Ongoing Project

Bringing Healthcare Closer: Rural Primary Healthcare Access Project

Project Snapshot

 

Project Name: Bringing Healthcare Closer: Rural Primary Healthcare Access Project

Status: Ongoing

Location: Caanayaskax Town, Garowe District, Nugaal Region, Puntland, Somalia

Target Beneficiaries: Residents of Caanayaskax and surrounding rural communities, particularly mothers, children, and vulnerable groups

Number of Beneficiaries: Approximately 15,000 people

Main Focus Areas: Primary healthcare access, maternal and child health, and rural health equity

Relevant SDGs: SDG 3: Good Health and Well-being; SDG 10: Reduced Inequalities

Project Overview

Kaalo Nederland is implementing the Bringing Healthcare Closer: Rural Primary Healthcare Access Project to address critical healthcare access challenges faced by remote communities in Puntland. The project focuses on expanding access to essential health services for communities that have historically lacked reliable healthcare facilities.

Caanayaskax Town, located approximately 75 kilometres from Garowe, is home to more than 15,000 people and serves as an important agricultural hub where many families depend on farming for their livelihoods. Despite its growing population and importance, the community has lacked a functional and comprehensive Primary Healthcare Center, leaving many residents, especially mothers, children, and vulnerable individuals, without reliable access to essential health services.
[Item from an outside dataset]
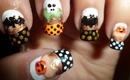 Creepy Treats ~ Halloween Cupcake Nails!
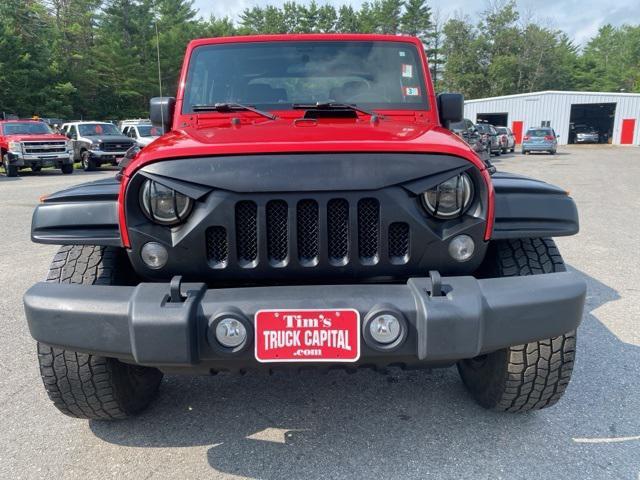 2017 jeep wrangler sport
Through this project, Kaalo Nederland is developing a primary healthcare facility that will bring essential medical services closer to the community. The center will support the delivery of maternal and child health services, immunization, treatment of common illnesses, and referral support for cases requiring further care.

By improving access to healthcare within the community, the project aims to reduce the burden of long-distance travel, improve early detection and treatment of health conditions, and contribute to healthier and more resilient rural communities.

Expected Outcomes

  • Improved access to essential healthcare services for approximately 15,000 people.
  • Increased availability of maternal and child healthcare services.
  • Improved access to immunization and treatment of common illnesses.
  • Reduced dependence on distant healthcare facilities for basic medical needs.
  • Strengthened health equity for underserved rural communities.